What is expected →
Your copy should run exactly from the line containing "678 Birdnest Drive - Photo 1" to the last line of the entries below, and it should include no pictures.

Extracted records:
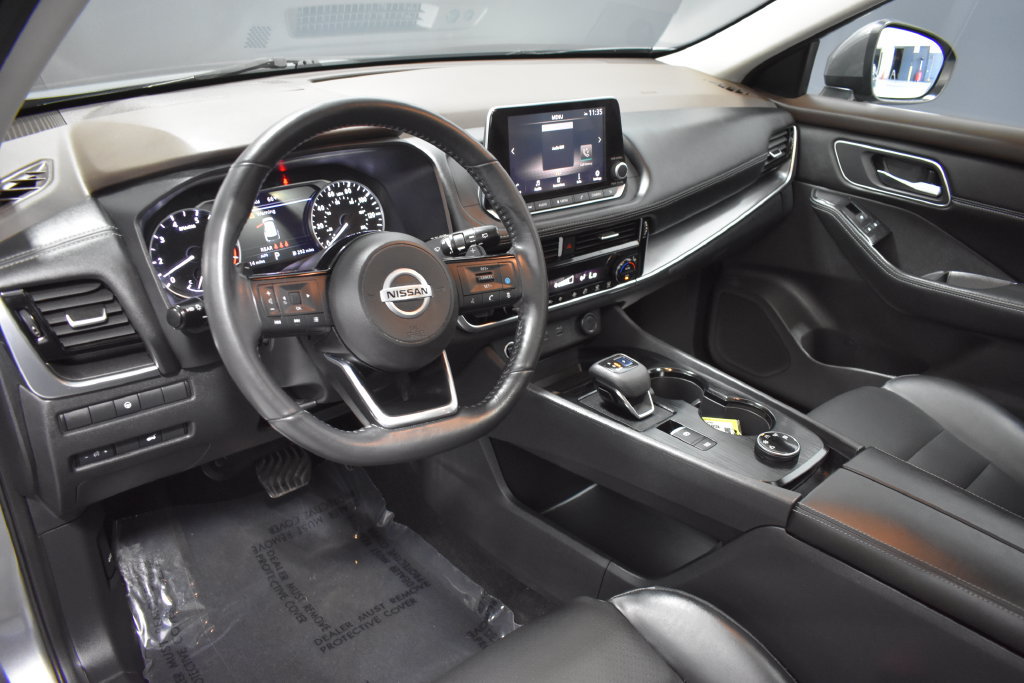 Used 2021 Nissan Rogue SV w/ Premium Package AWD/4WD image 4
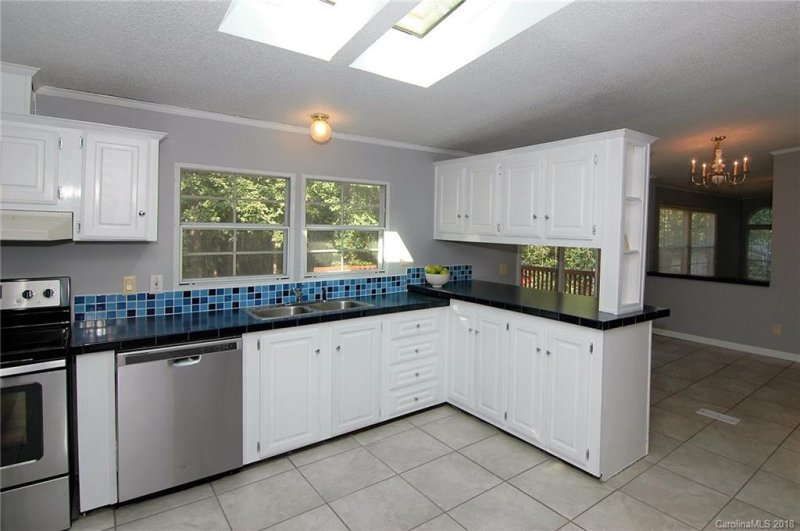 Property image 2 at 5010 Sierra Drive, Maiden, NC 28650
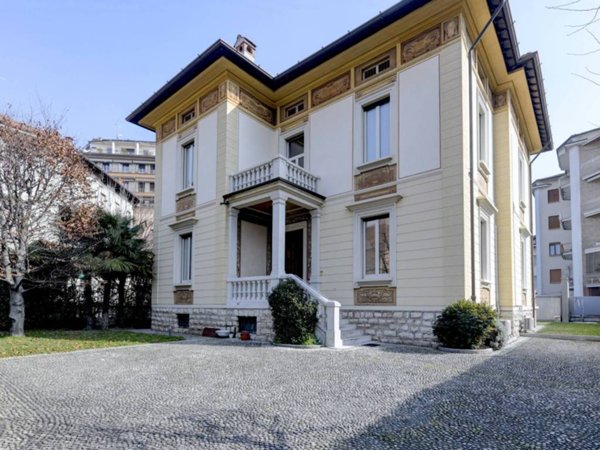 casa indipendente in vendita a Brescia in zona Borgo Trento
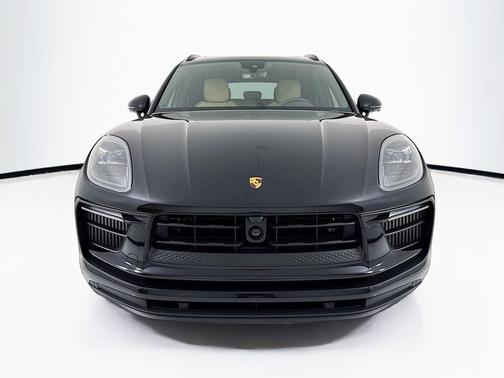 Jet Black 2026 Porsche Macan Macan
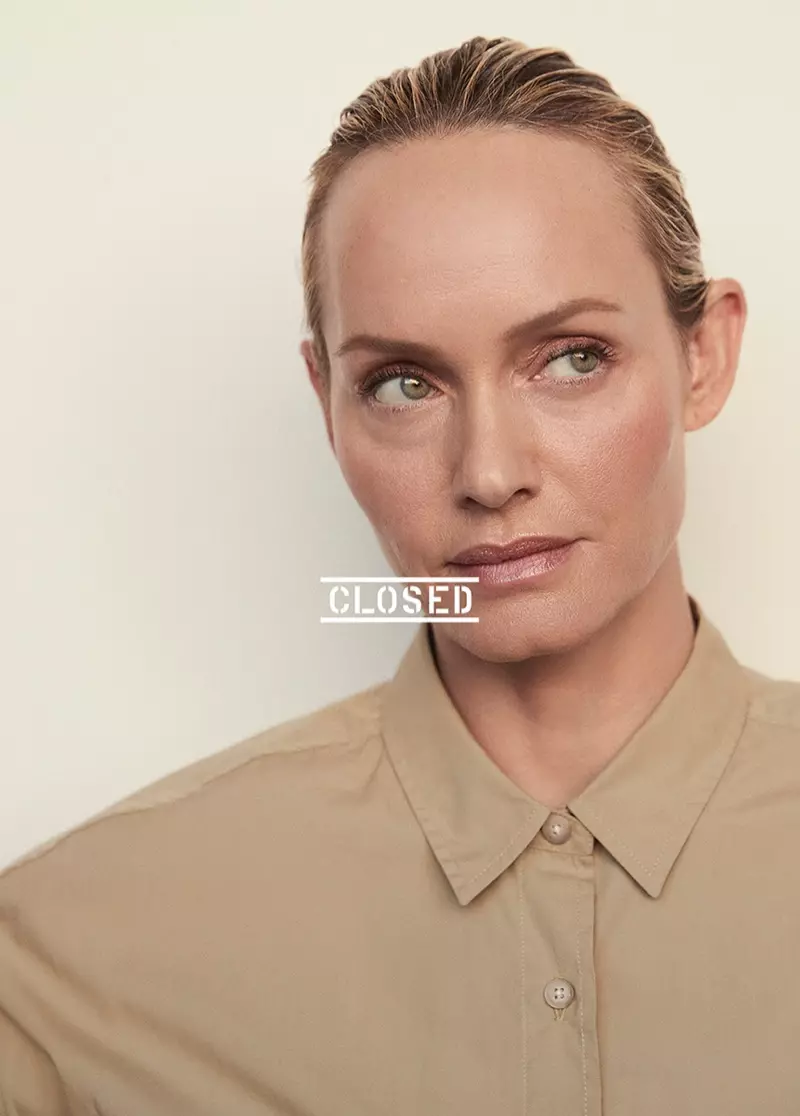 Amber Valletta protagoniza a campaña Primavera-verán 2021 pechada. Foto: David Roemer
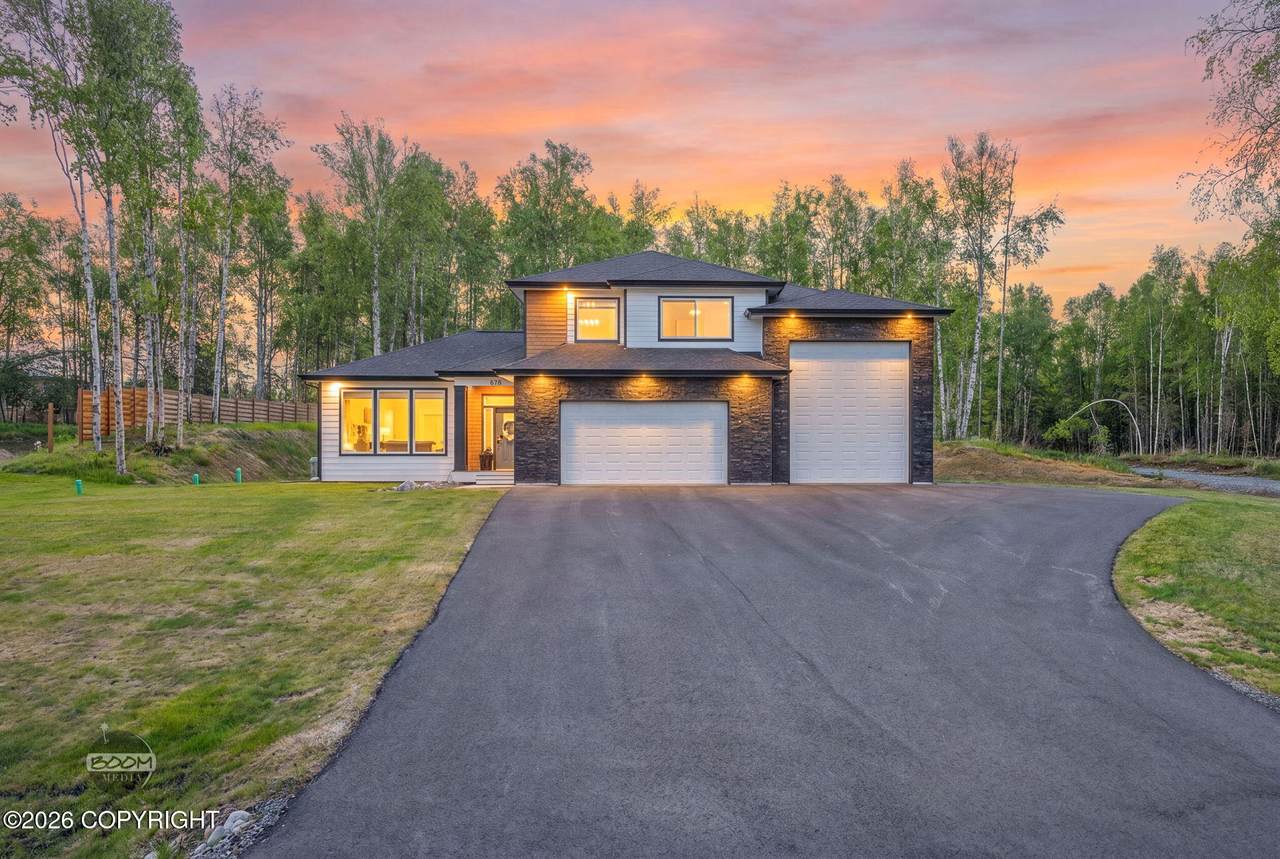 678 Birdnest Drive - Photo 1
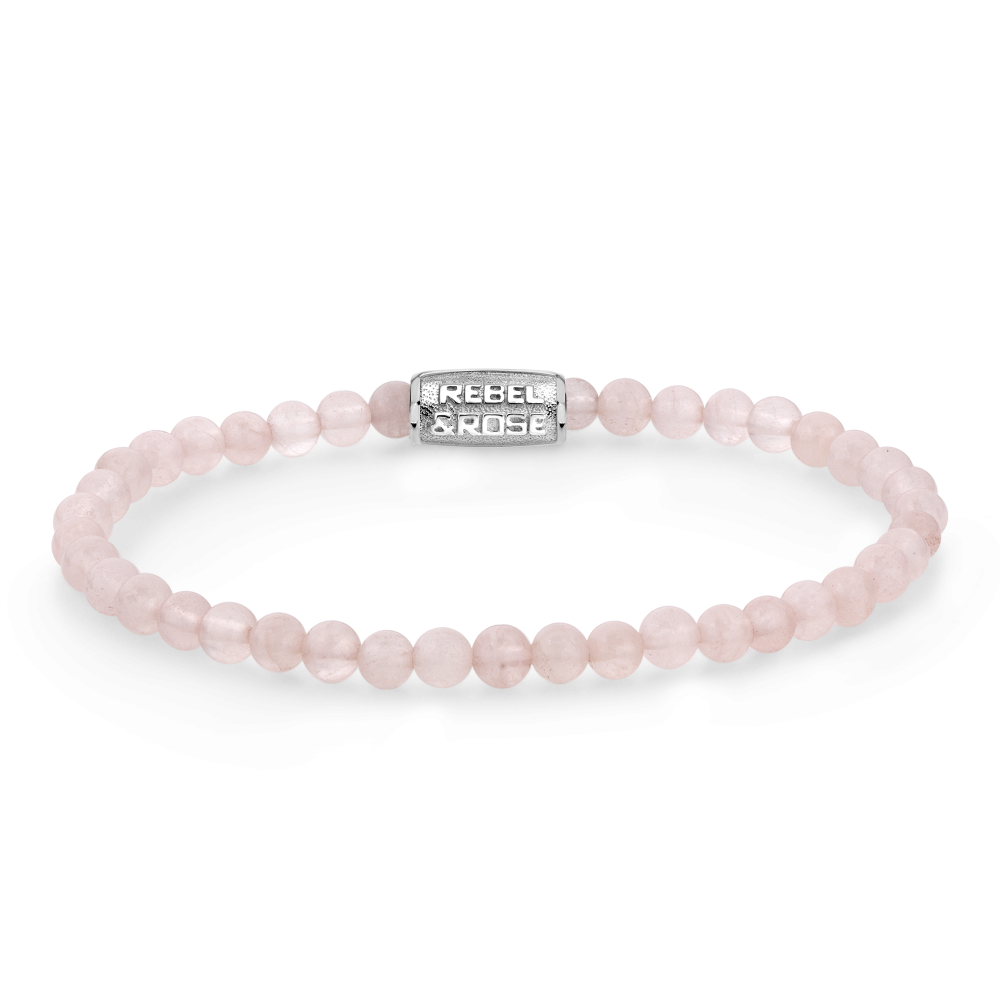 Deze armband is van het merk Rebel & Rose. Het is een damessieraad. De armband is roze van kleur.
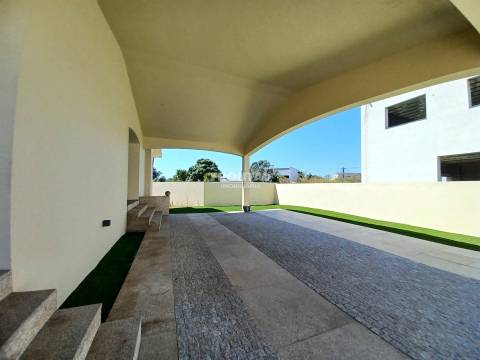 Moradia T4+1 à Praia de Miramar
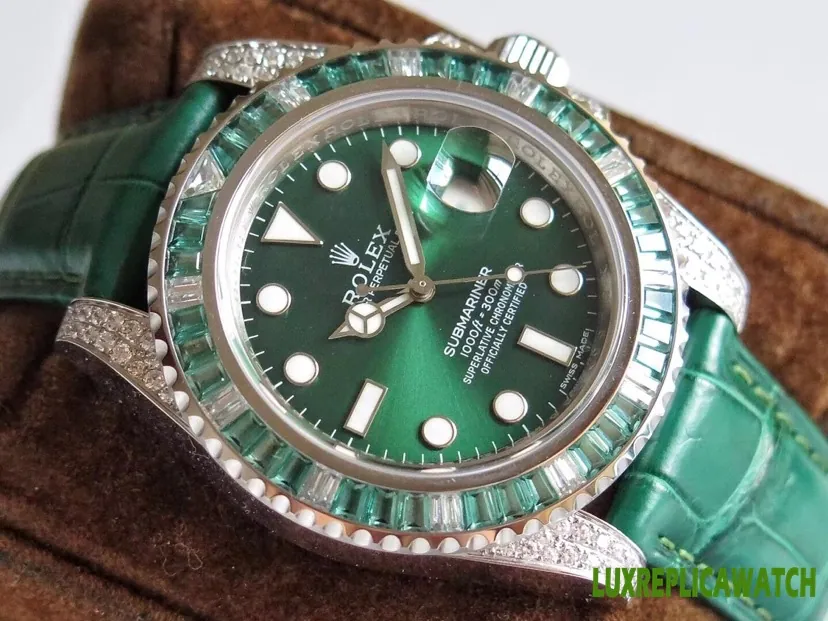 Rolex Submariner Date Replica Watches 40mm Mens Green Dial Leather Strap 1:1 Clone Watch - Image 4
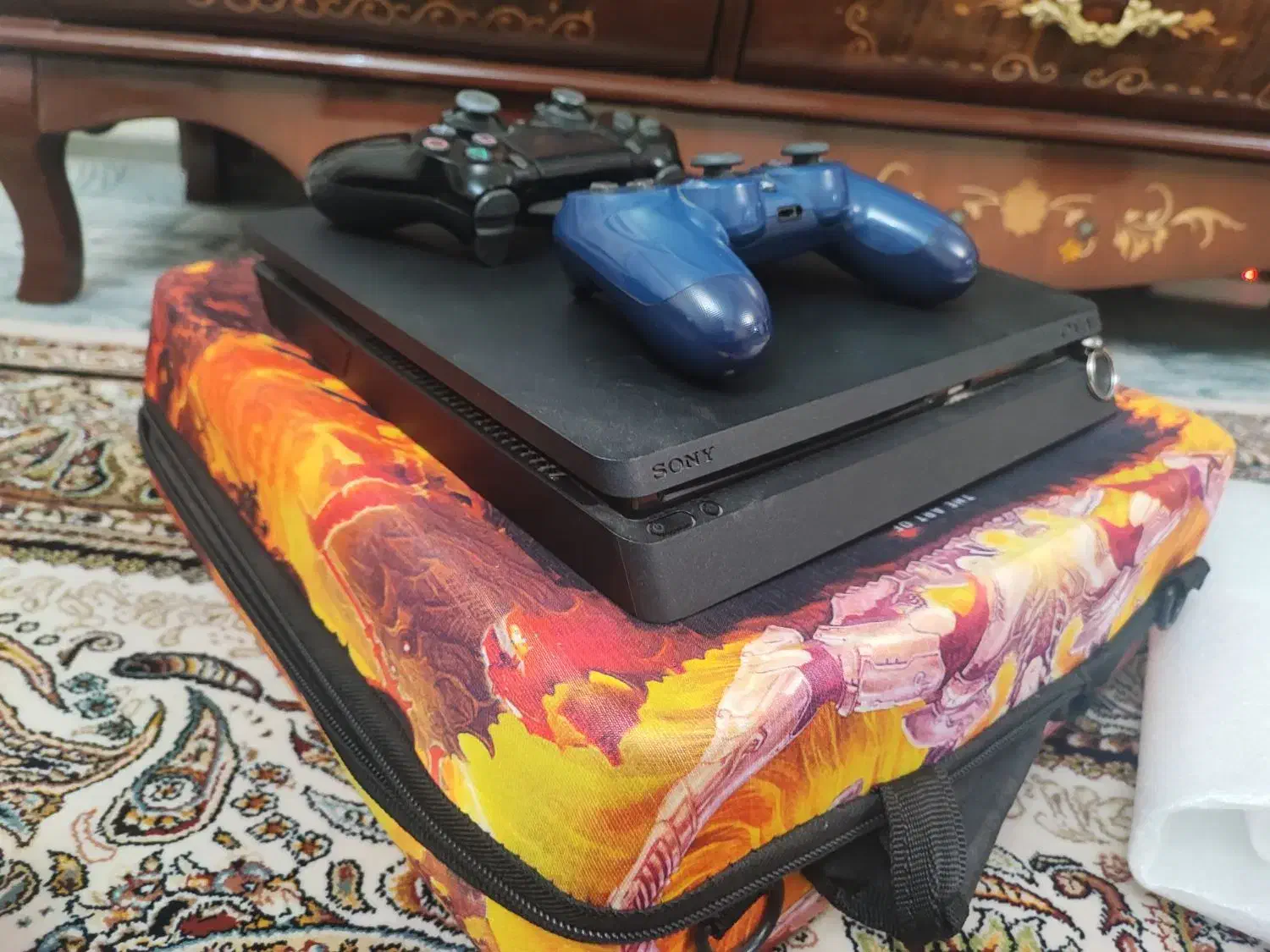 Ps4 دست دوم . همراه با کیف و رم|کنسول، بازی ویدئویی و آنلاین|بستان آباد, |دیوار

Solution to the exercise →
 678 Birdnest Drive - Photo 1
 Deze armband is van het merk Rebel & Rose. Het is een damessieraad. De armband is roze van kleur.
 Moradia T4+1 à Praia de Miramar
 Rolex Submariner Date Replica Watches 40mm Mens Green Dial Leather Strap 1:1 Clone Watch - Image 4
 Ps4 دست دوم . همراه با کیف و رم|کنسول، بازی ویدئویی و آنلاین|بستان آباد, |دیوار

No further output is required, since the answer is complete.